Her work, which has a robust India focus, encompasses the areas of events and political articulation, social actions, ethnic and gendered violence, and post-colonial research.

Her present analysis, as Principal Investigator on the GendV Project funded by the ESRC/GCRF Large Grant of GBP 1.76 million, is a comparative qualitative work titled ‘Gendered Violence and Urban Transformation in India and South Africa’.

“Our aim is to historicise and contextualise this violence, and examine violence as something that appears to connect the most intimate of affective relations with changes that are happening in the wider world,” she explains.

Desai has additionally spoken out about the necessity to tackle points associated to colonialism and going through as much as historic occasions.

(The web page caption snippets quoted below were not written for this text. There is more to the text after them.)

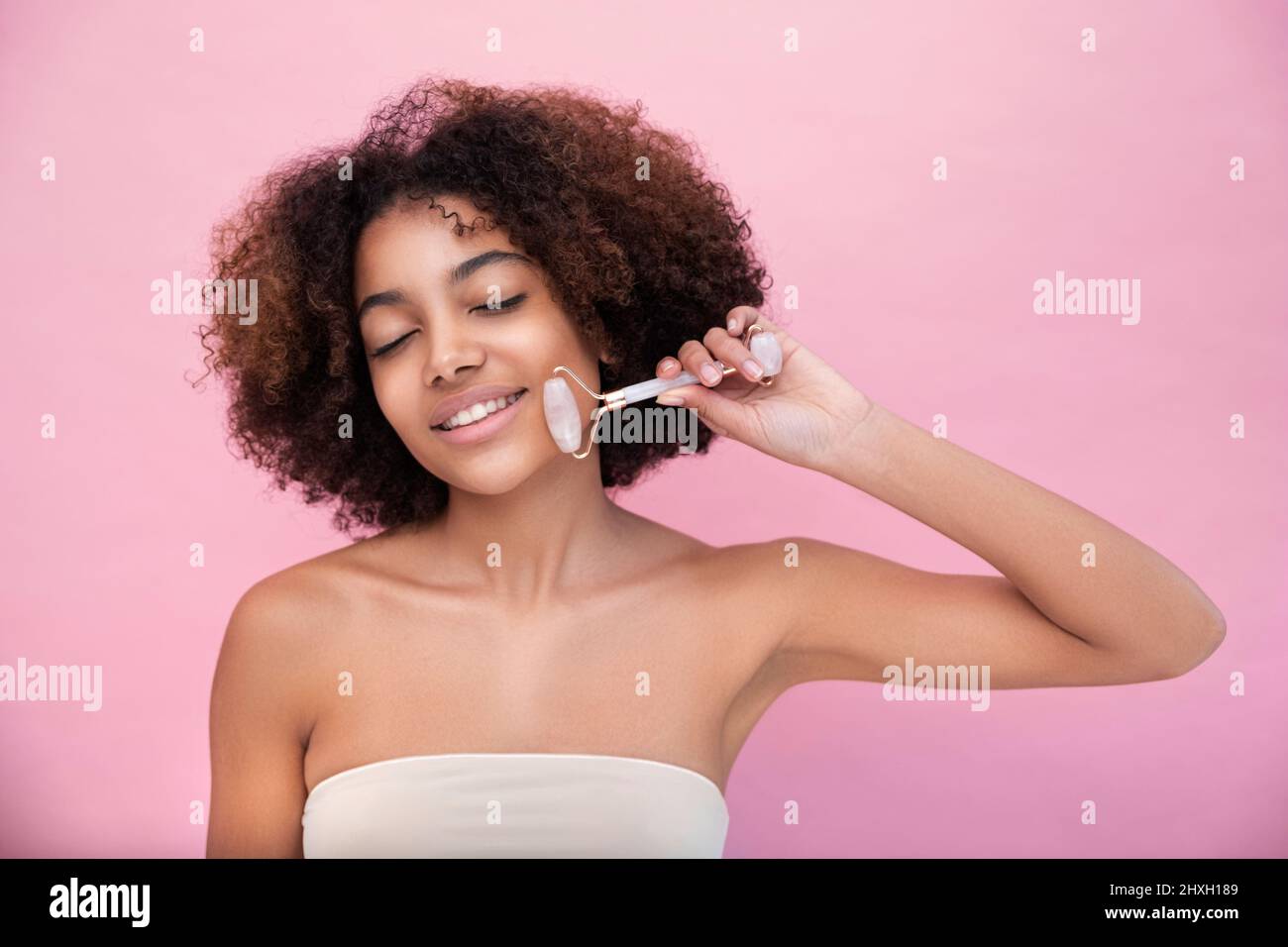 Ritratto di una giovane donna ben curata con pelle scura e capelli lussureggianti, facendo massaggio facciale con l'aiuto di un rullo con occhi chiusi su sfondo rosa primo piano, cura e cura della pelle Foto Stock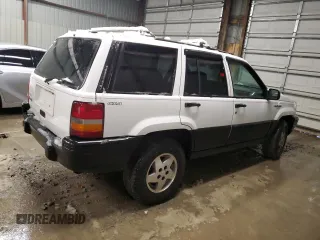 1995 Jeep Grand Cherokee Laredo with VIN 1J4GZ58S6SC630947, listed as a Copart auction lot 82143564 with 267,946 mi miles and Salvage Title. Bid and sale history available at carsss.com. Image 3.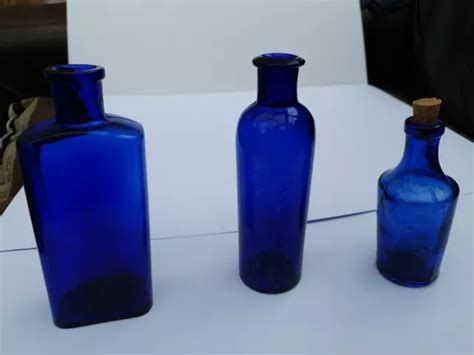 VINTAGE OLD ANTIQUE Cobalt Blue Poison Bottle Castor Oil For Cattle 50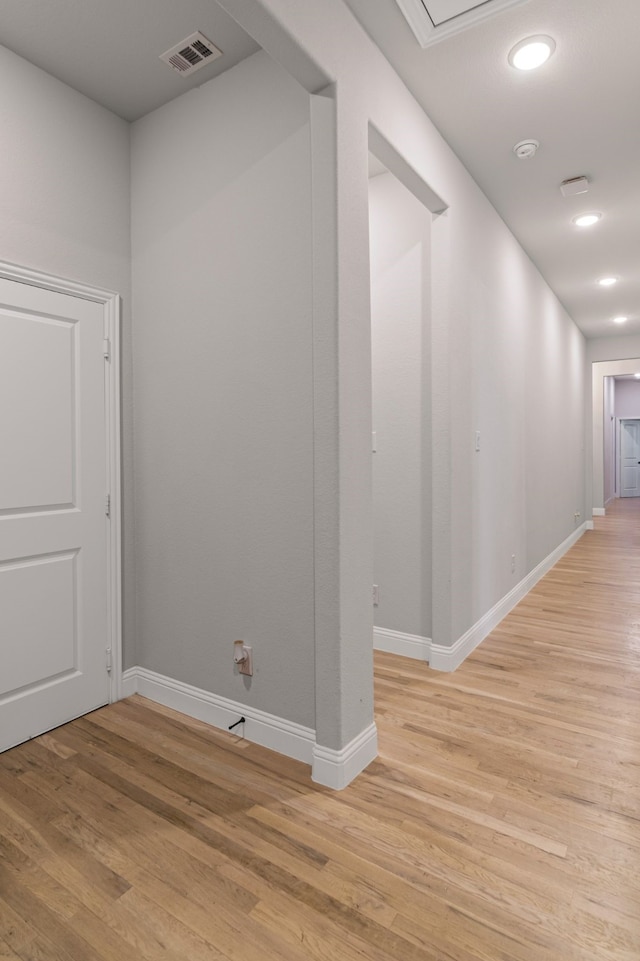 hallway with light wood-type flooring, baseboards, visible vents, and recessed lighting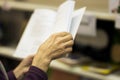 Close-up of hands of the elderly person with open book, bookstore. Real scene. Education concept, Self-study, reading Royalty Free Stock Photo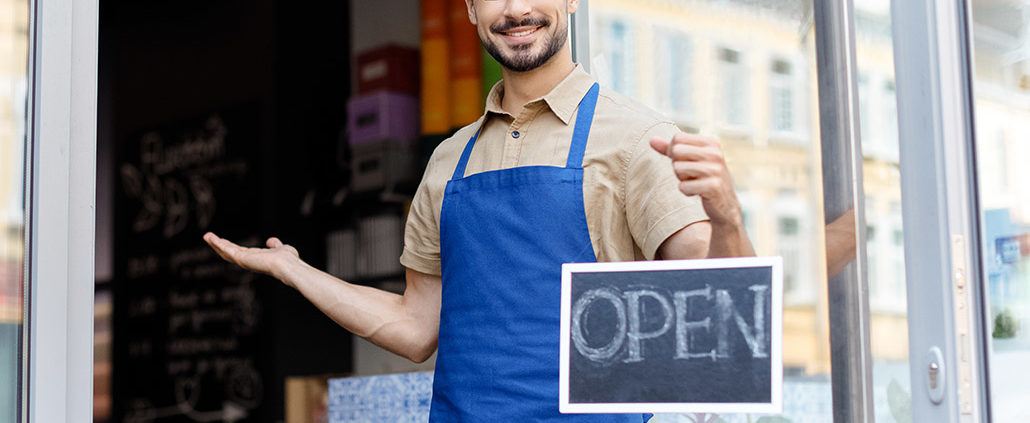 An Image Of A Man Holding An Open Sign For His Small Business Put On By Secure Money Advisors In Pittsburgh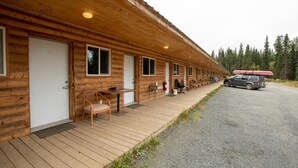 A row of log cabin-style rooms with a covered outdoor seating area and a gravel driveway. - Tatogga Lake Resort (Iskut)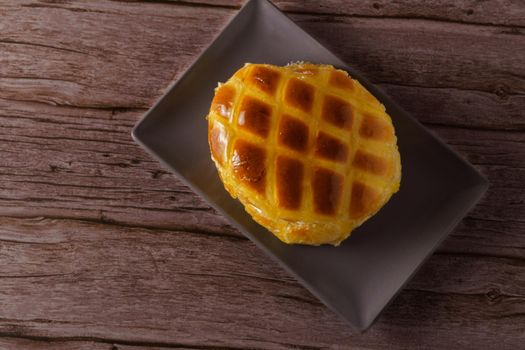 cream-filled bun covered with sugar syrup on a blue plate on a wooden table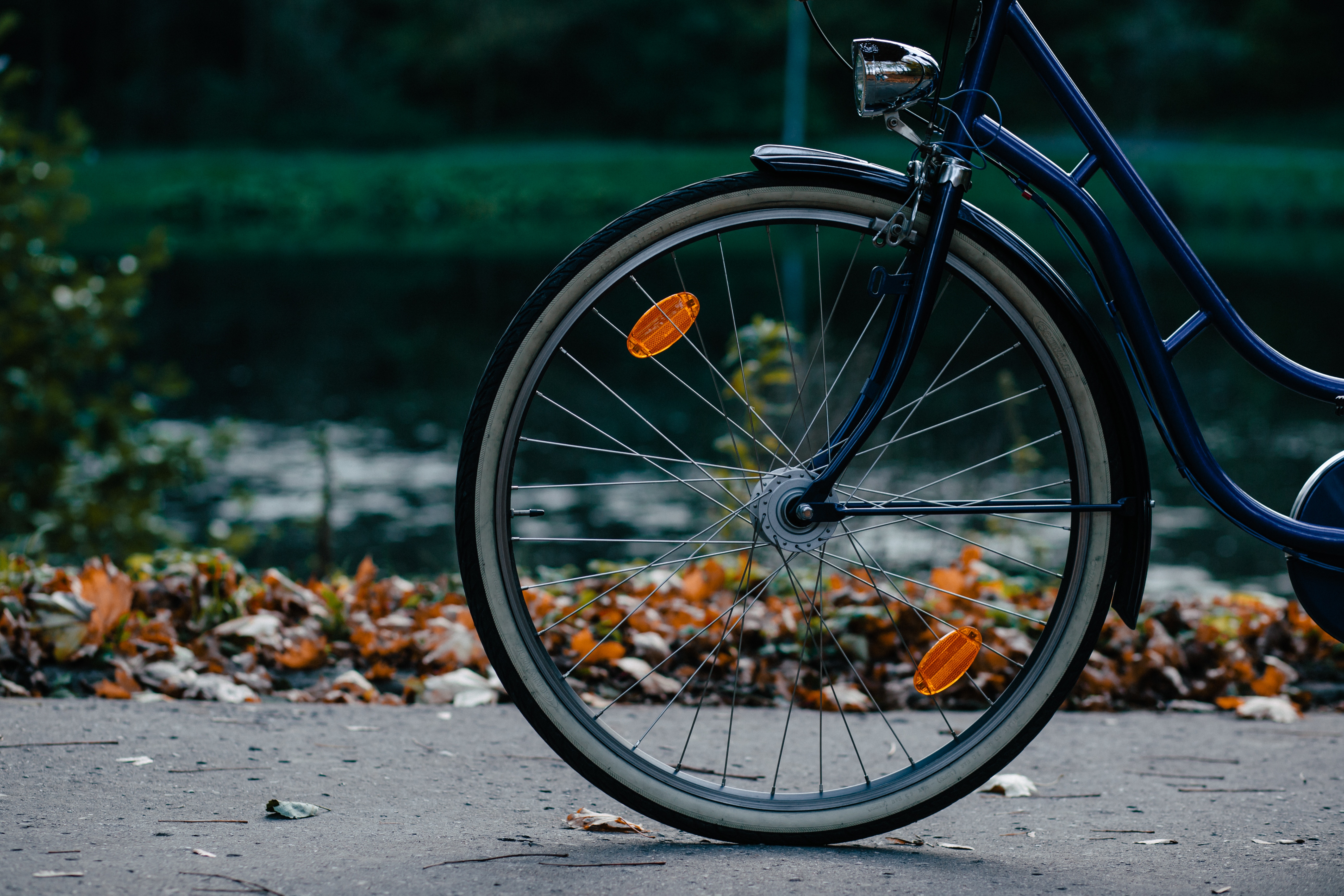 Bicycle wheel with orange reflectors and bike light HD Wallpaper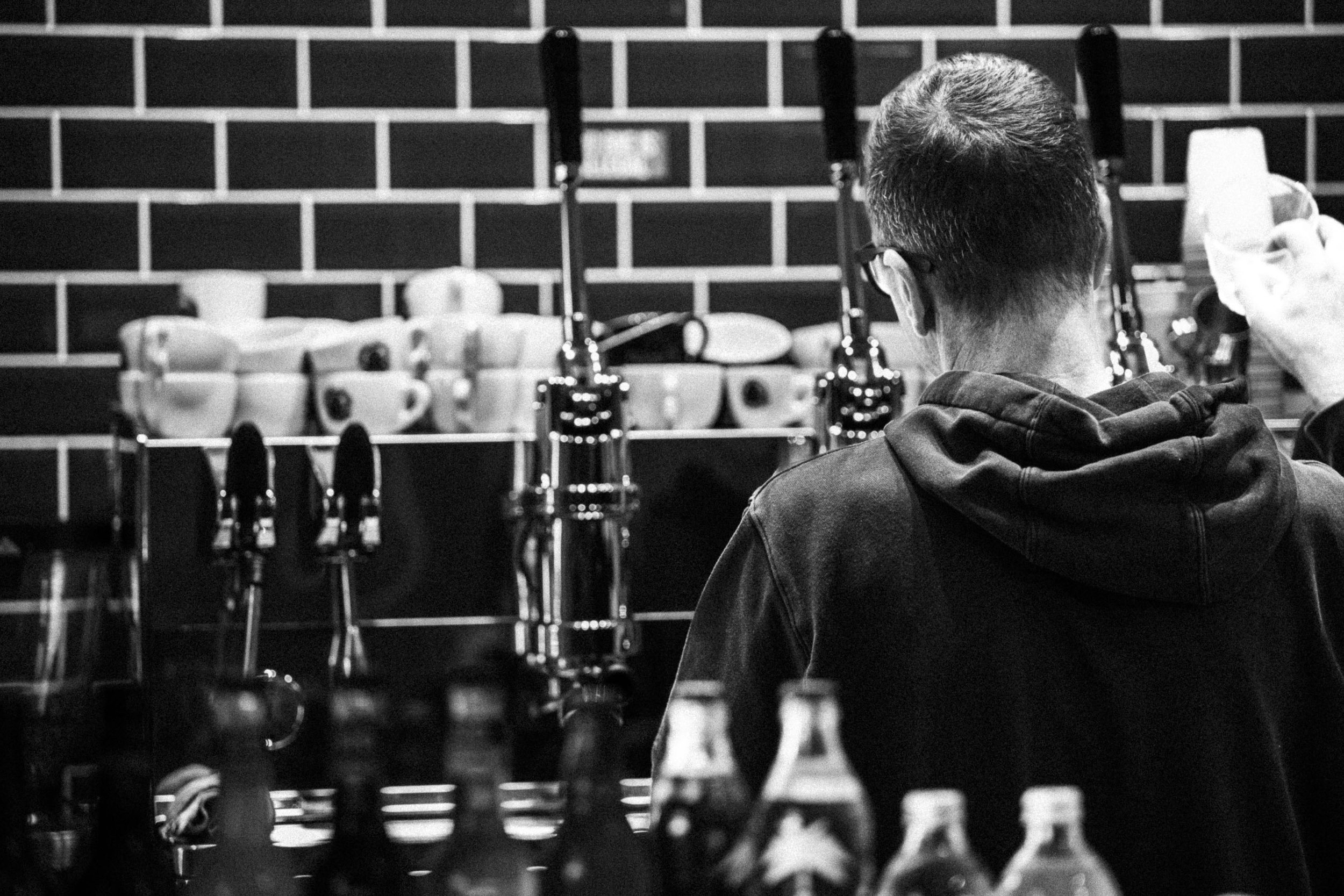 A person with short hair and glasses is standing in front of a wall of coffee cups and bottles, facing away from the camera.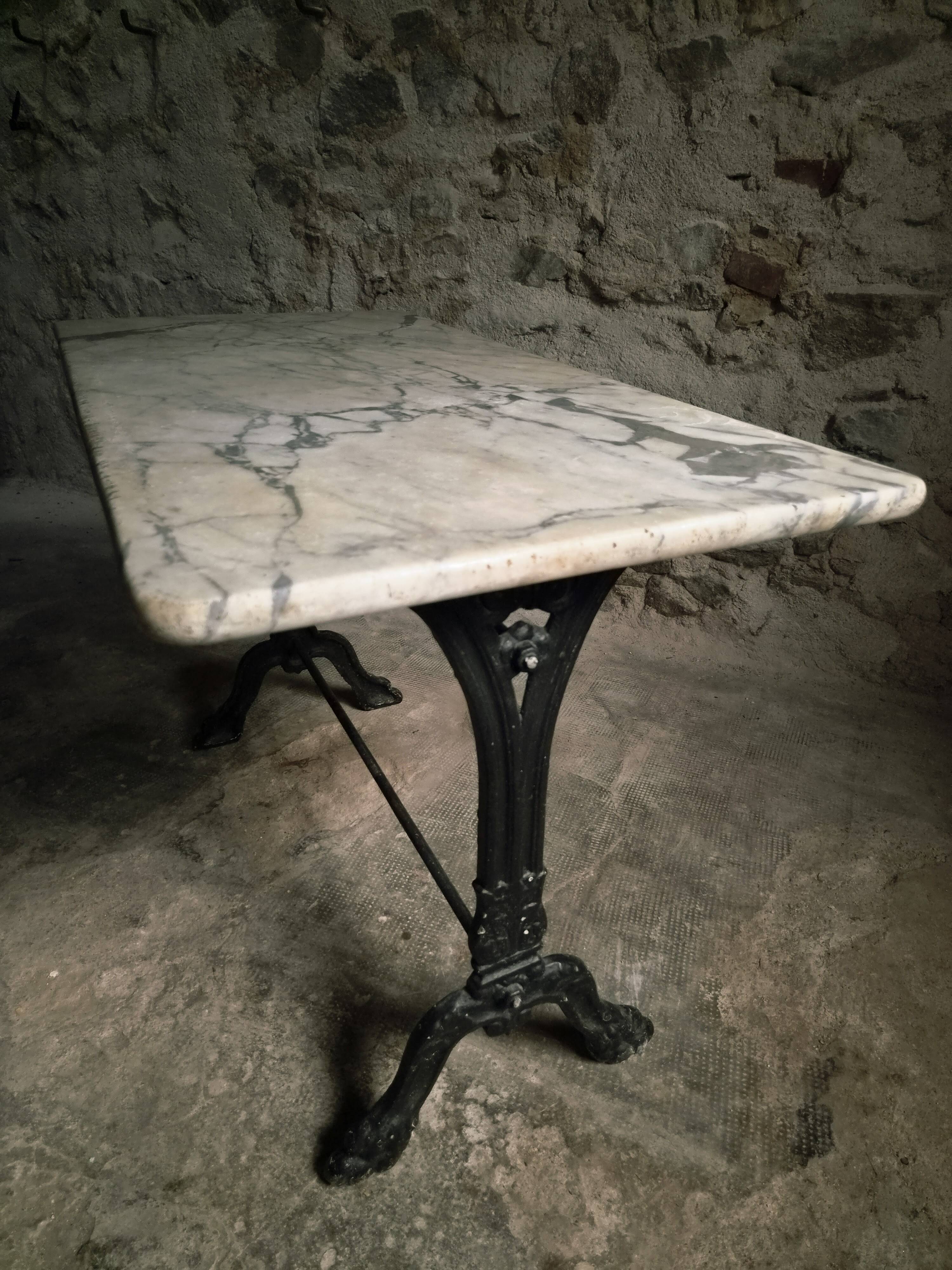 French bistro table made of marble with a cast iron base, 1920s–1930s.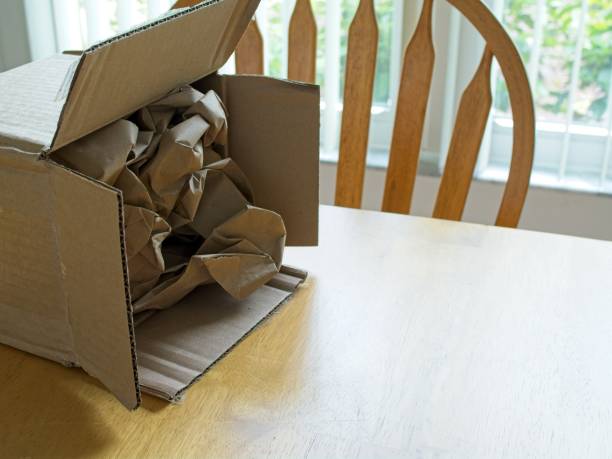 istock Emptied cardboard box on table in domestic room 2171613783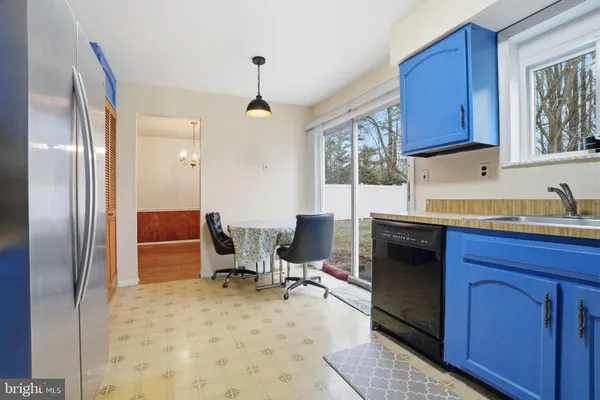 a kitchen with stainless steel appliances kitchen island granite countertop a refrigerator a stove a sink and dishwasher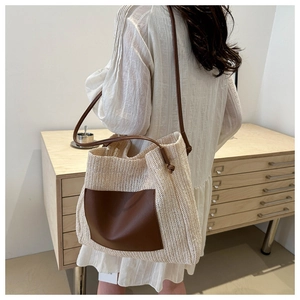Detail of hand-woven straw tote with premium brown leather straps and front pocket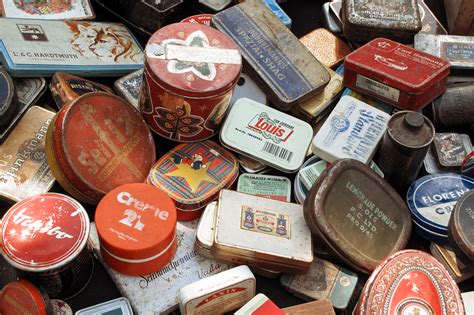 old metal tin that went around the house|valuable antique tins.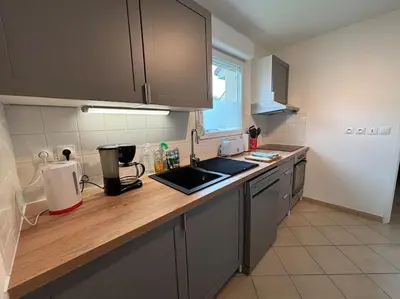 Cuisine ou kitchenette dans l'établissement Le havre de Chloé en baie de Somme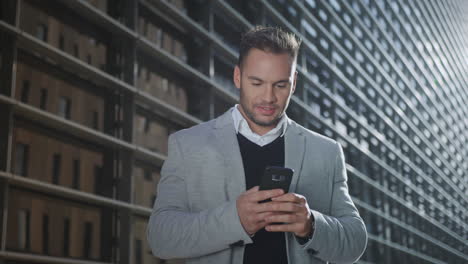 businessman using smartphone on street. worker browsing internet on phone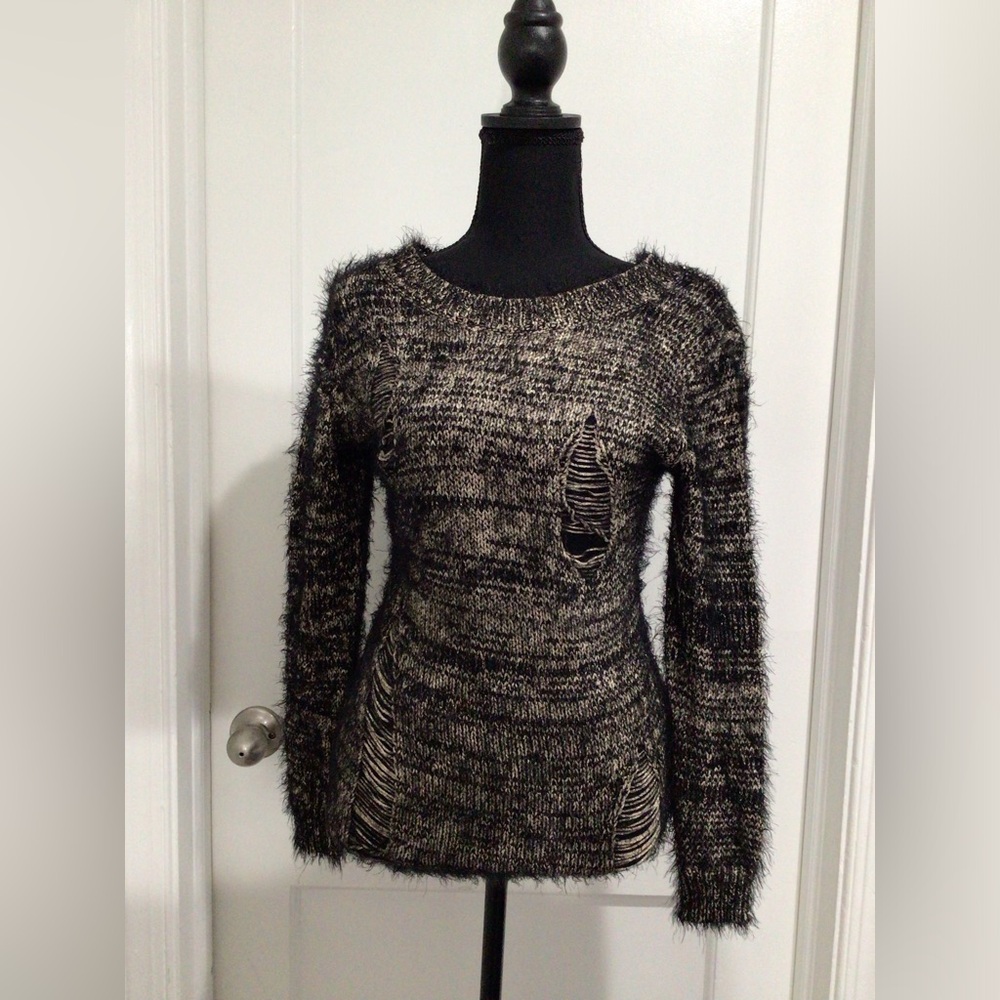 Beige and black long sleeve shirt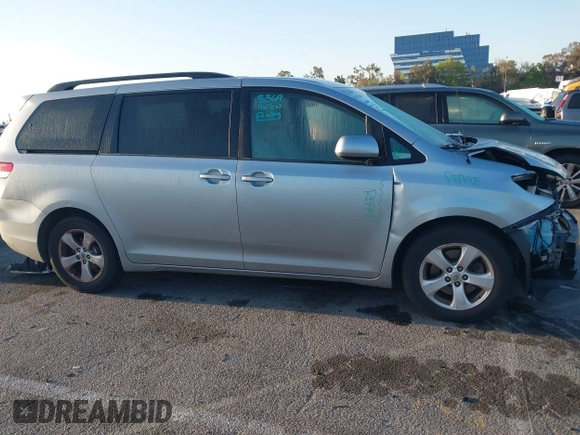 2014 Toyota Sienna LE AAS with VIN 5TDKK3DC1ES520561, listed as a IAAI auction lot 41959565 with 115,908 mi miles and . Bid and sale history available at carsss.com. Image 14.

“In Britain there’s a massive reluctance to address the colonial past and issues such as racism and anti-immigration are often justified by such myopia.
At the same time, paradoxically, imperial nostalgia emerges in all sorts of places,” she stated, indicating that decolonisation will stay an essential facet of her work as Head of the Sociology Department.

“This has been a priority for the Sociology Department: we set up a working group with both staff and students in 2017 and it’s been pushing for changes, not just in our curriculum but also in terms of the pedagogy we use,” she stated.

Desai’s first ebook, ‘State Formation and Radical Democracy in India, 1860-1990’, was a historic evaluation of the emergence of two completely different welfare regimes in India and he or she has additionally co-edited different books and printed her analysis in a number of main journals.

In her new function, she hopes to steer the Sociology Department on the college to proceed to contribute to academic debates and journals and in addition to exit into the world and make an affect on public coverage and up to date debates.